I currently have 5 small P regalis in a commune. I have also kept P rufilata successfully. As garlicpickle says you do have to keep an eye out for big males when they become food dominant.


----------



## Reeceinleeds (Jun 26, 2013)

have a commune of 5 p regalis 15 obts 5 holothele incei and one of 2 p regalis ( this one went very wrong don't no why it was 10. 2 where male the 2 have left are female the rest was dinner ) tried h villosa too ended up with 1 fat female


----------



## Mr Mister (Oct 12, 2011)

sage999 said:


> I currently have 5 small P regalis in a commune. I have also kept P rufilata successfully. As garlicpickle says you do have to keep an eye out for big males when they become food dominant.


 
Pokies are a bit more expensive to do it with perhaps?

And I am not too crazy about them if I am being honest.


----------



## Mr Mister (Oct 12, 2011)

Reeceinleeds said:


> have a commune of 5 p regalis *15 obts* 5 holothele incei and one of 2 p regalis ( this one went very wrong don't no why it was 10. 2 where male the 2 have left are female the rest was dinner ) tried h villosa too ended up with 1 fat female


Oh really? Tell me more then. What size are they? How is it playing out? Do you have a pic of the set up?

: victory:


----------



## MEDICALMAN (Jul 9, 2012)

Mr Mister said:


> There was a guy on another thread(can't recall which) who said he had had some success at keeping a "colony" of a given species(can't recall what).
> 
> I have heard that some people have tried this with certain species. From what I can gather the results seem a bit mixed. I guess they are not really a colony in the true sense of the word, even if there was tolerance, but I'd be interested to hear from those that have tried this, what species they tried it with, what age the T's were kept together at, and what the general conclusions of your attempts have been.


...who said he had had some success at keeping a "colony" of a given species...

baboons?


----------



## Mr Mister (Oct 12, 2011)

MEDICALMAN said:


> ...who said he had had some success at keeping a "colony" of a given species...
> 
> baboons?


 Baboons what?


----------



## sage999 (Sep 21, 2008)

Mr Mister said:


> Pokies are a bit more expensive to do it with perhaps?
> 
> And I am not too crazy about them if I am being honest.


Not too expensive really. I got 5 good sized slings from TSS for around £25.


----------



## Mitch636 (Mar 26, 2013)

I had 5 OBTs together, one disappeared so I thought it escaped but I'm not too sure. I can only see 3 on a regular basis but I think I've seen the 4th on a few occassions. The webbing is great and it seems difficult to feed them all equally but I just throw a few locusts in and they're gone the next day!


----------



## martin lees (Jan 4, 2011)

I've kept quite a few communes over the last few years with quite a lot of success.The key is to keep limited space/hides so they stay as a commune.
35 x P.fasciata


----------



## kwacky (Feb 25, 2013)

I've got an Avic avic colony on the go. I've had one previously. No issues. 

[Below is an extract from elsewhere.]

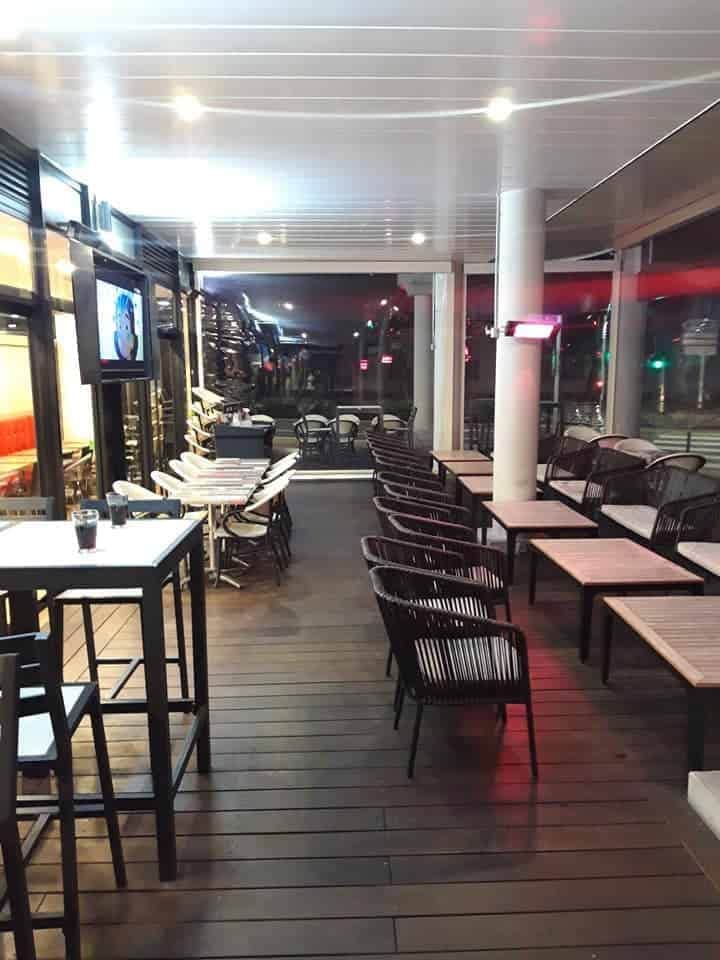 Boulangerie de la Gare — photo 3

I keep most of my pokies in small groups apart from ornata. 

There are a couple of OBT colonies on Tarantula UK without any issues.


----------



## Mr Mister (Oct 12, 2011)

martin lees said:


> I've kept quite a few communes over the last few years with quite a lot of success.The key is to keep limited space/hides so they stay as a commune.
> 35 x P.fasciata
> image


 
That looks great.

That would be fascinating to have, thanks for putting it up.


----------



## Mr Mister (Oct 12, 2011)

kwacky said:


> I've got an Avic avic colony on the go. I've had one previously. No issues.
> 
> I keep most of my pokies in small groups apart from ornata.
> 
> There are a couple of OBT colonies on Tarantula UK without any issues.


 They would be really cheap to do it with as slings.

: victory:


----------



## kwacky (Feb 25, 2013)

One of the guys has a massive colony from an egg sac. The mother is still in the enclosure. The difference in growth rates is pretty interesting to see. He also reports on different spiders helping out to take out prey. I've not seen that with my pokies or avics.


----------



## Mr Mister (Oct 12, 2011)

If I put ten OBT slings in that were eating size one crickets, and plenty of them, do you think it would play out okay? At what point would you look to split them up? Would you incline to initially give them a larger enclosure or make it smaller so they stayed together, at least while young?


----------



## Poxicator (Nov 14, 2007)

OBTs, lots of Pokies, Avics, and Psalmos


----------



## Mr Mister (Oct 12, 2011)

Poxicator said:


> OBTs, lots of Pokies, Avics, and Psalmos


How would you compare your efforts with each of those four?

What tips would you give if it were for OBT's for example?


----------



## Mr Mister (Oct 12, 2011)

I'd be interested to hear from those that have kept some sort of colony if they found they had higher losses as some tried to moult, being that they are obviously not going to all moult on the same day and therefore one or two would be vulnerable during it..? 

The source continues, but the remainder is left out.